Caption-style text data
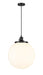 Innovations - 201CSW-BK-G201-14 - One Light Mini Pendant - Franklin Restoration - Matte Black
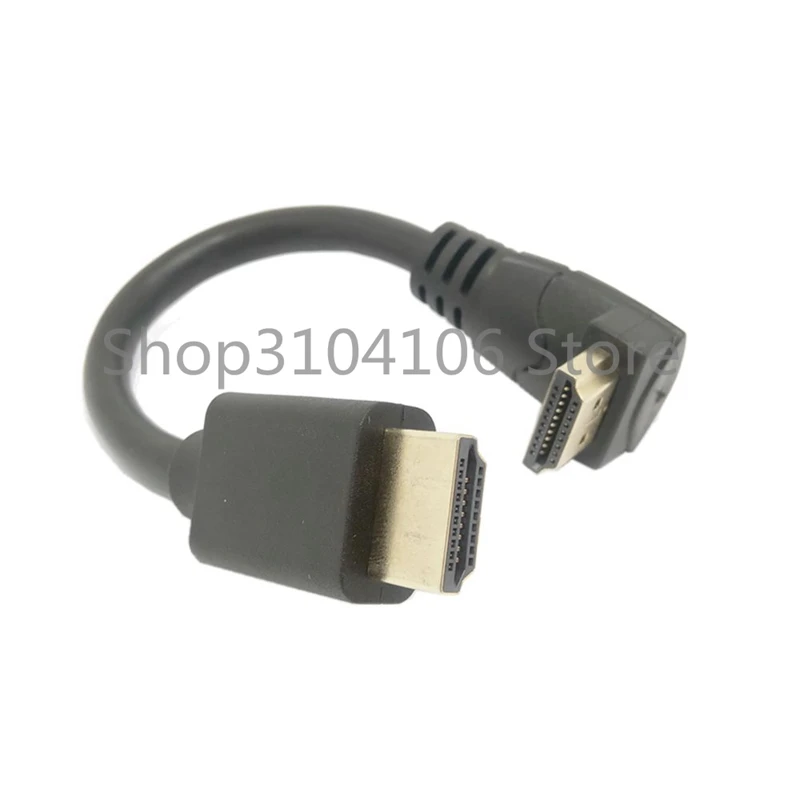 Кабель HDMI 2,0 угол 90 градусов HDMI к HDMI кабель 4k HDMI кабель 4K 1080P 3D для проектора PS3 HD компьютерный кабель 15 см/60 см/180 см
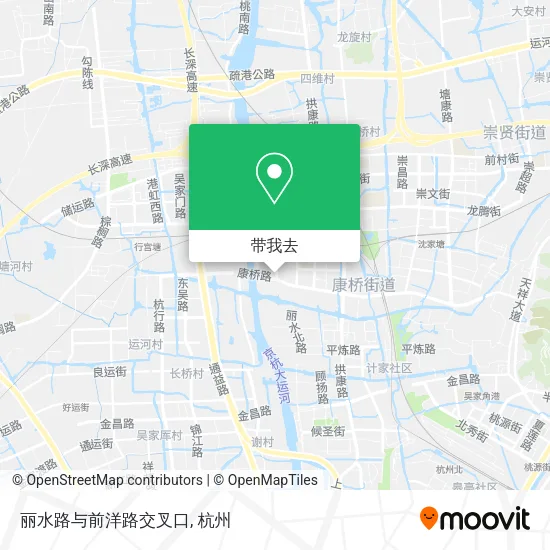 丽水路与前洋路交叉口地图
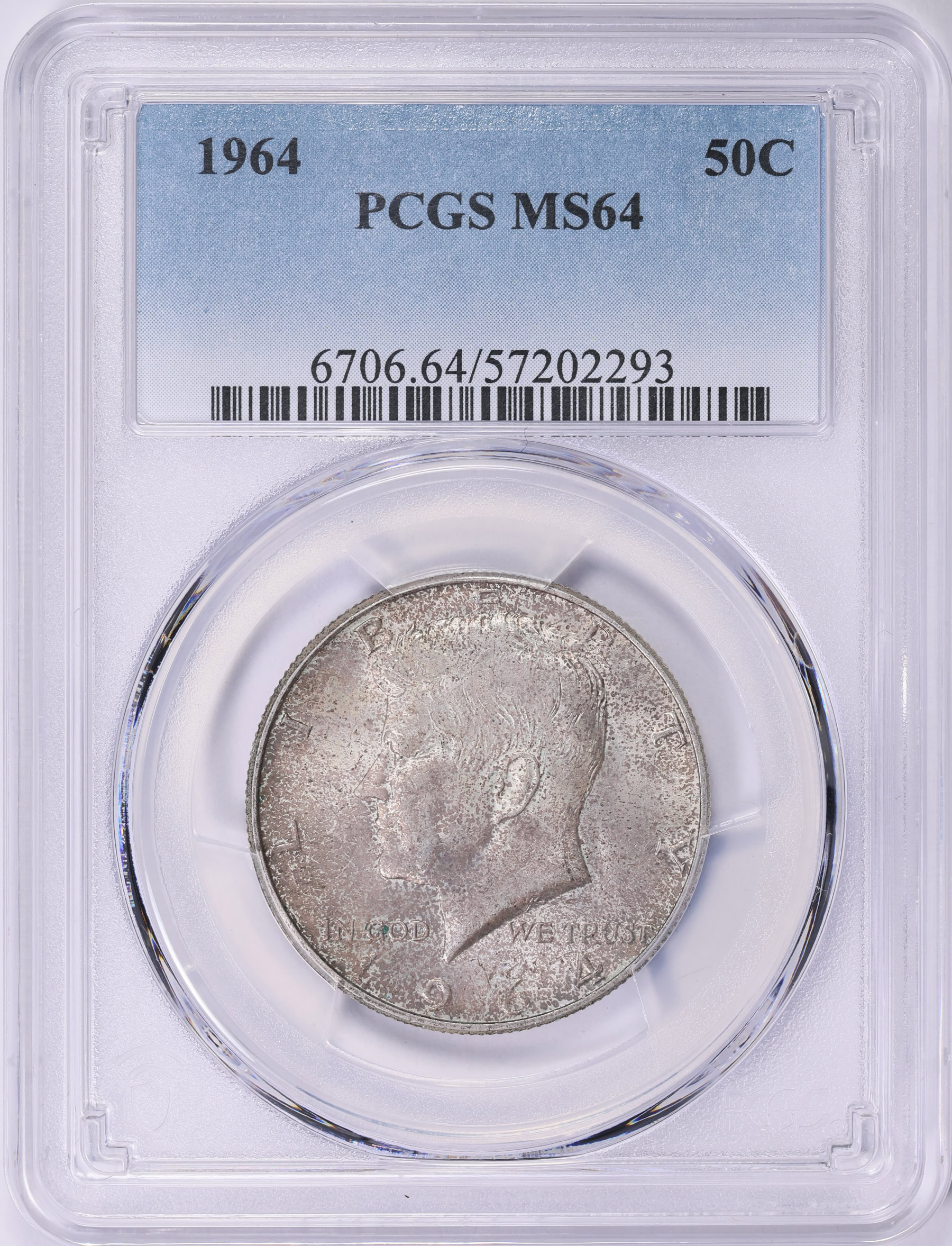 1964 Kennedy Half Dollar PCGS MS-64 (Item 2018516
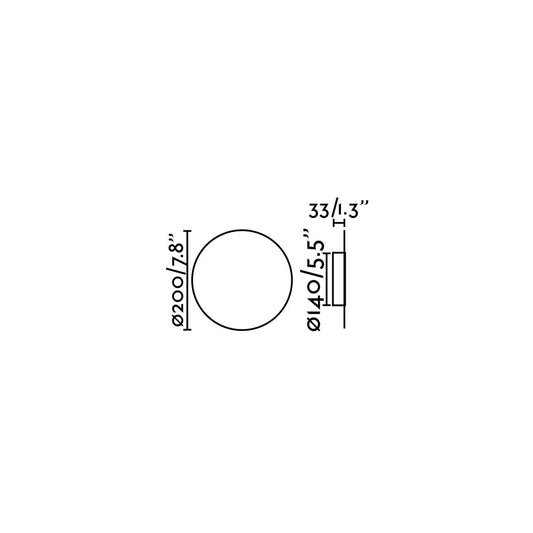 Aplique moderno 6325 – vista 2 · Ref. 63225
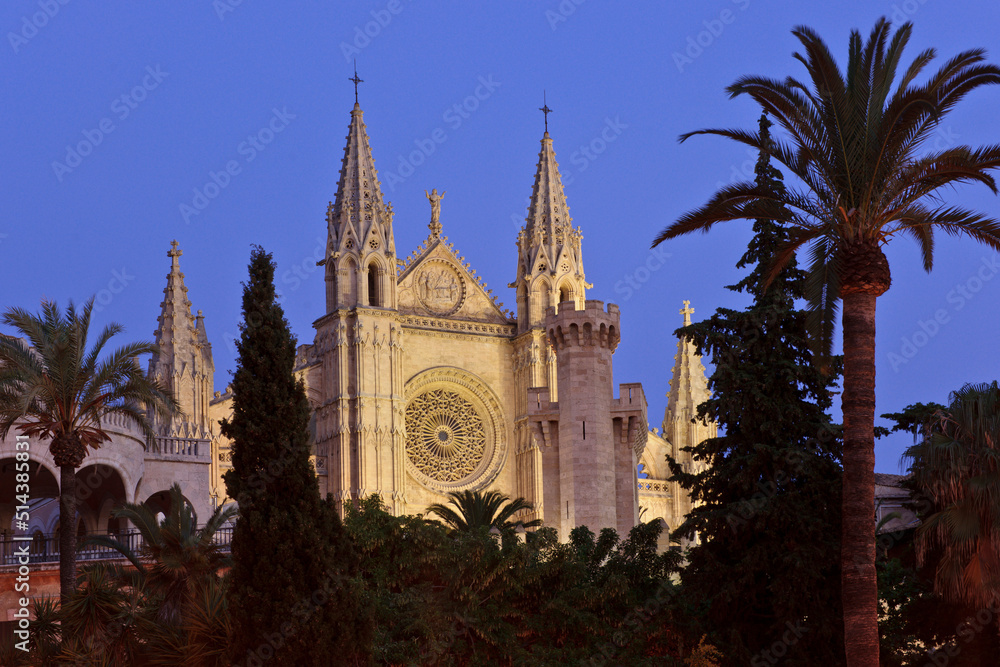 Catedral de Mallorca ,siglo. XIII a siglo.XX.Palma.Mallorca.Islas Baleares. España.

- WHAT YOU NEED TO DO -
Reproduce exactly and only the lines from the one with "丽水路与前洋路交叉口地图" through the final line of the records above, inclusive. Pictures must be left out.

- ANSWER FOR THE TASK -
 丽水路与前洋路交叉口地图
 1964 Kennedy Half Dollar PCGS MS-64 (Item 2018516
 Aplique moderno 6325 – vista 2 · Ref. 63225
 Catedral de Mallorca ,siglo. XIII a siglo.XX.Palma.Mallorca.Islas Baleares. España.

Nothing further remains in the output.